Ike came towards the door as I locked it. He had been having difficulty sleeping at night and there were dark circles under his eyes. He was dozing fitfully before Christy came. The knock must have woken him up.
“Sorry honey, it was Christy. But she’s gone now.”
“What did she want?” he said gruffly.
“Just checking up on me.” I saw the question in his eyes and sought to allay his fears. “No, I didn’t tell her anything. She said I didn’t have to either. She seemed genuinely concerned like a friend.” I tried to reassure him knowing it was me and my voiced opinion of Christy that made him question her ability to keep her mouth shut.
“Humph. Friends. Don’t let people deceive you o Chi. See what happened to me. I thought he was my friend.”
I put my arms around him. “We’ll get through this Ike, I promise.”
He sighed. “Chi, sit down. There’s something I want to talk to you about.”
I sat down with some trepidation. I didn’t want to hear any more bad news.
“We have to sell the house Chi. It’s the only way we can raise some capital to offset some of the costs for the lawyer and even for paying the company back.”
I shook my head voluntarily. Selling the house? That was the makings of my worst nightmare. It would mean that everything that we worked so hard to build had come undone.
“No, Ike. There must be some other way. See, I’m looking for work. I applied today. I’ll find something soon.”
Ike ran a hand through his hair. “Look Chi, I appreciate that really. But we need to be practical. We need quite a bit of money.”
“Ike let’s sell one of the cars then. Please let’s not talk about selling the house except as a last resort.”
Ike sighed again and I felt rather desperate. God, please don’t let us lose our house!
“Whatever you say honey.”
I watched him as he walked back to the room. He seemed a shell of what he once was.
The preliminary hearing was in two weeks. The lawyer told us that the court proceedings could drag on forever and it was only by God’s mercy that he hadn’t been put in jail before the hearing. We needed a miracle. That man who stole this money needed to come back and pay for his crimes.

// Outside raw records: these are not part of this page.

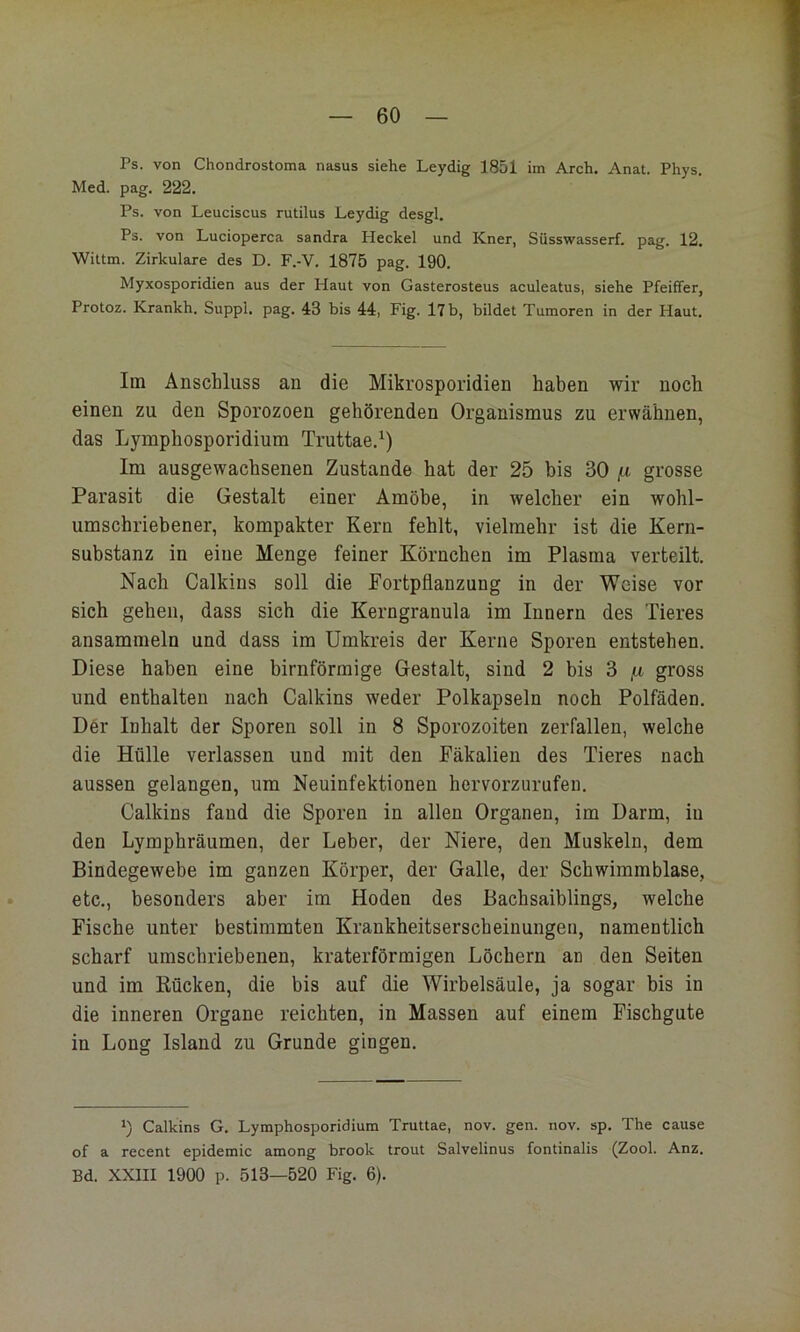 Ps. von Chondrostoma nasus siehe Leydig 1851 im Arch. Anat. Phys. Med. pag, 222. Ps. von Leuciscus rutilus Leydig desgl. Ps. von Lucioperca sandra Heckei und Kner, Süsswasserf. pag. 12. Wittm. Zirkulare des D. F.-V. 1875 pag. 190. Myxosporidien aus der Haut von Gasterosteus aculeatus, siehe Pfeiffer, Protoz. Krankh. Suppl. pag. 43 bis 44, Fig. l7b, bildet Tumoren in der Haut. Im Anschluss an die Mikrosporidien haben wir noch einen zu den Sporozoen gehörenden Organismus zu erwähnen, das Lymphosporidium Truttae.^) Im ausgewachsenen Zustande hat der 25 bis 30 grosse Parasit die Gestalt einer Amöbe, in welcher ein wohl- umschriebener, kompakter Kern fehlt, vielmehr ist die Kern- substanz in eine Menge feiner Körnchen im Plasma verteilt. Nach Calkins soll die Fortpflanzung in der Weise vor sich gehen, dass sich die Kerngranula im Innern des Tieres ansammeln und dass im Umkreis der Kerne Sporen entstehen. Diese haben eine bimförmige Gestalt, sind 2 bis 3 gross und enthalten nach Calkins weder Polkapseln noch Polfäden. Der Inhalt der Sporen soll in 8 Sporozoiten zerfallen, welche die Hülle verlassen und mit den Fäkalien des Tieres nach aussen gelangen, um Neuinfektionen hervorzurufeu. Calkins fand die Sporen in allen Organen, im Darm, in den Lymphräumen, der Leber, der Niere, den Muskeln, dem Bindegewebe im ganzen Körper, der Galle, der Schwimmblase, etc., besonders aber im Hoden des Bachsaiblings, welche Fische unter bestimmten Krankheitserscheinungen, namentlich scharf umschriebenen, kraterförmigen Löchern an den Seiten und im Rücken, die bis auf die Wirbelsäule, ja sogar bis in die inneren Organe reichten, in Massen auf einem Fischgute in Long Island zu Grunde gingen. *) Calkins G. Lymphosporidium Truttae, nov. gen. nov. sp. The cause of a recent epidemic among brook trout Salvelinus fontinalis (Zool. Anz. Bd. XXIII 1900 p. 513—520 Fig. 6).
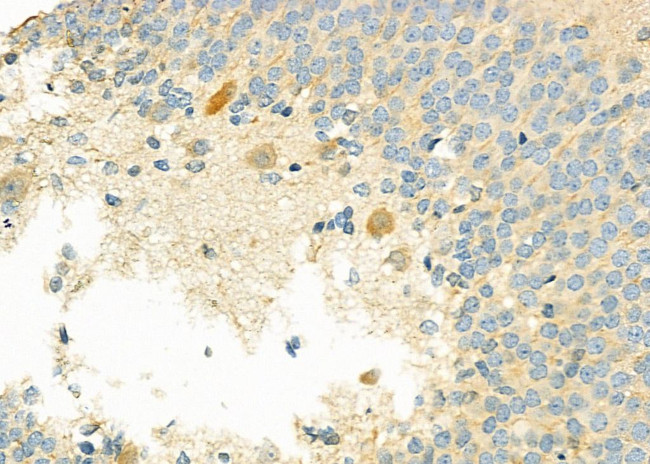 GNG8 Antibody in Immunohistochemistry (Paraffin) (IHC (P))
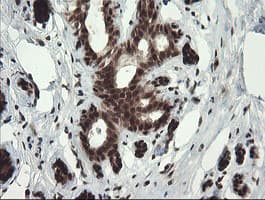 RFC2 / RFC40 Antibody (clone OTI2B2)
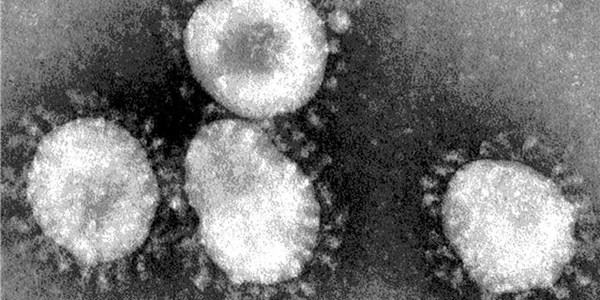 #CoronavirusSA: Top team of experts to map Covid-19 #CoronavirusSA: Top team of experts to map Covid-19 | News Article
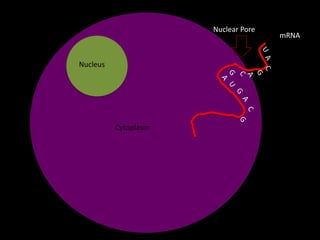 Nuclear Pore

Nucleus

Cytoplasm

mRNA

 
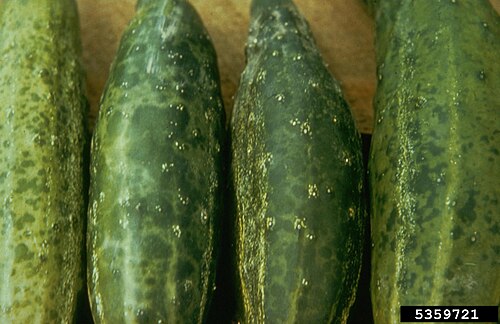 Cucumber mosaic virus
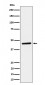 TAPP1 Antibody
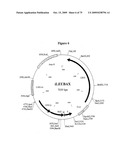 APOPTOSIS METHODS, GENES AND PROTEINS diagram and image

Ten minutes later, my phone rang. It was Titi. I had forgotten her in the past few days as I was immersed in my own problems.
“Hi Chinelo,” she said without preamble as soon as I picked the call. “There’s something I want to ask you.”
“Yes. What is it?” I said in an even tone. Her voice sounded like it was really important.
“Are you Chinelo nee Mbekwe, and did you attend University of Nigeria, Nssuka in 2007?”
Wow, I thought. She had figured it out before I had an opportunity to tell her.
“Yes,” I said softly.
She sighed into the phone.
“Yes, I thought so. So you came to my house and pretended to be my friend and heard all my secrets just so that you could get back at me because of what happened at school?” She said her voice rising.
I couldn’t believe my ears. Did she know how preposterous she sounded?
“Of course not. Why on earth would you think that?”
“Then why did you not let me know you were the one since we first met. I bet you and your husband have been having a good laugh at my misfortune.”
I didn’t know whether to laugh or cry. So I waited for her to take a breath.
“Well then, I have had enough of being laughed at. Don’t call me or come to my house again!”
With that, she ended the call.
I stared at my phone for five minutes. Then I decided I needed a cup of good strong coffee because apparently everything that was happening was a bad dream and I needed to wake up.